One of Carson’s points of differentiation from Trump early on in his campaign for the Republican presidential nomination is that he seemed to be kinder and gentler in his assessments of matters or at least in his presentations and commentary. Then, he began to espouse ideas that seemed to be a little harsher, more judgmental and sometimes just plain weird.
We detailed some of those “Carson-isms” in an earlier blog and will not repeat them all. Here, however, is a sampling of his more outlandish proclamations,”
- “Being gay is a choice…because a lot of people who go into prison go into prison straight– and when they come out, they are gay.”
- “You know I think Obamacare is really the worst thing in this nation since slavery.”
- “I personally believe that this theory that Darwin came up with was something that was encouraged by the adversary.” (Satan)
These statements probably didn’t cost Carson much with his core constituency and supporters. In fact, they may have bumped his numbers up. But, it appears that media scrutiny and increased exposure has cost him quite a lot.

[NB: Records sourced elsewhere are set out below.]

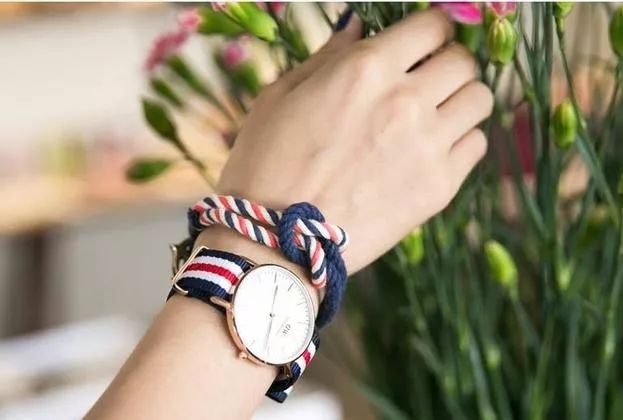 戴dw手表会被人家笑吗,戴dw很没面子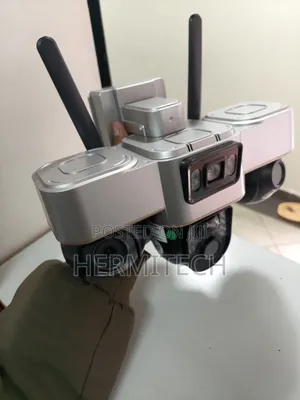 Excellent Night Vision Triple Eyes Triple Lens 4g Solar Powered CCTV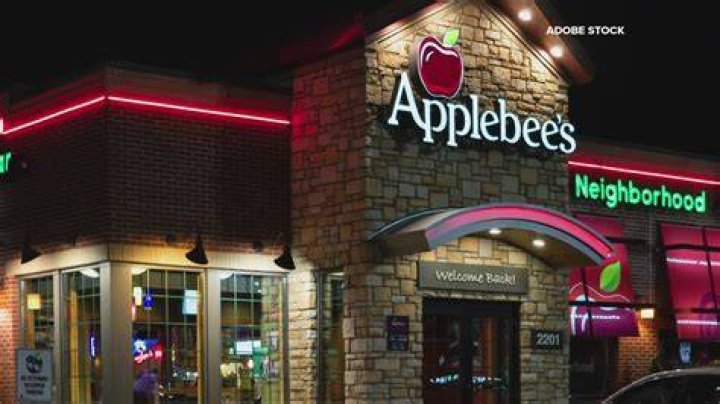 How late is Applebees kitchen open?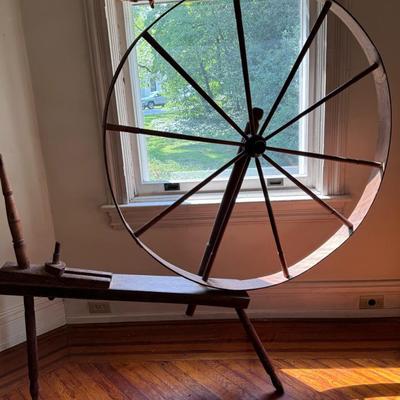 Antique Great Walking Spinning Wheel 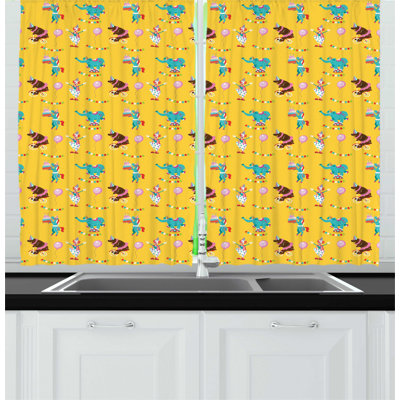 Pointed Kitchen Curtain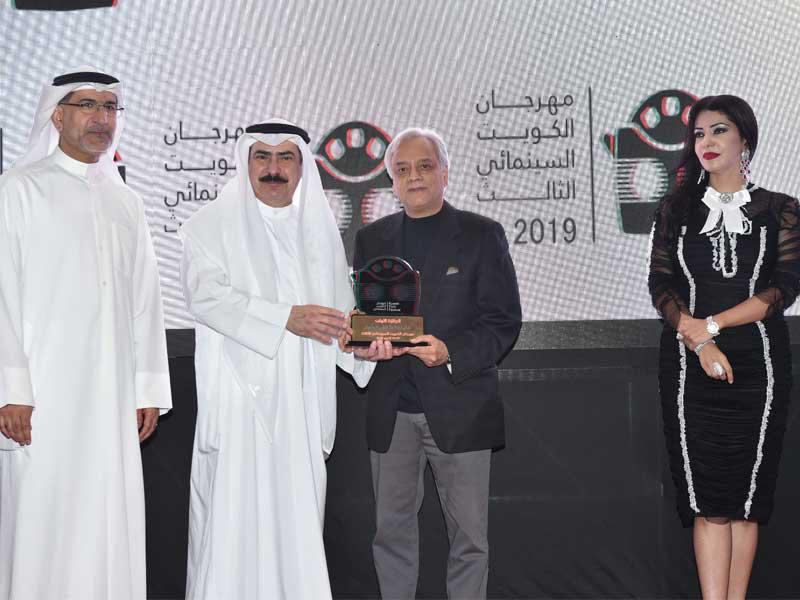 العبد الجليل والأنصاري والحسينان خلال تكريم حبيب حسينn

Over the past month, Dr. Carson’s polling numbers have declined. Recent polls link his fall from grace with Republican voters to a lack of comprehension in the international relationships and foreign policy arena and a deficiency in terms of leadership qualities.
Unlike Chance the Gardener, Dr. Carson the brain surgeon is not simple-minded. Like Chance though he has worked in a very small space with little exposure to or knowledge of the world outside the medical setting in which he excelled. Unfortunately for him, that limited scope does not translate well onto a bigger platform and a candidacy for the Republican nomination.
While Carson sinks, Trump holds steady and Cruz is rising in the polls in primary states and nationally. What does all of this mean for 2016?
It most likely means that Ben Carson will not prevail and that Being Here as a candidate today will not lead to his being there as the nominee at the Republican convention in August. On the other hand, Trump or Cruz might.
What does that mean? We’ll have more to say on the implications of either of them winning as the primary contests roll out next year. For now, we will just share the opinions of Dana Milbank of the Washington Post and Craig Mazin, Ted Cruz’s roommate in his freshman year at Princeton.
Milbank titled a recent op-ed piece, “Donald Trump is A Bigot and A Racist. That probably says it all. But, it raises the question for us, is Milbank writing about Trump’s best qualities?
Patricia Murphy of The Daily Beast quotes Mazin as saying, “I would rather have anybody else be the President of the United States. Anyone. I would rather pick somebody from the phone book.”
If these assessments are valid, with either Cruz or Trump as the Republican nominee, it could mean the Republican Party and – if one of them won in November- the nation would end up Being Nowhere.
From Being There to Being Here to Being Nowhere. Somehow, Being Here just started to sound a whole lot better. (In the interests of full and open disclosure, Frank Islam is on the national finance committee for Hillary Clinton.)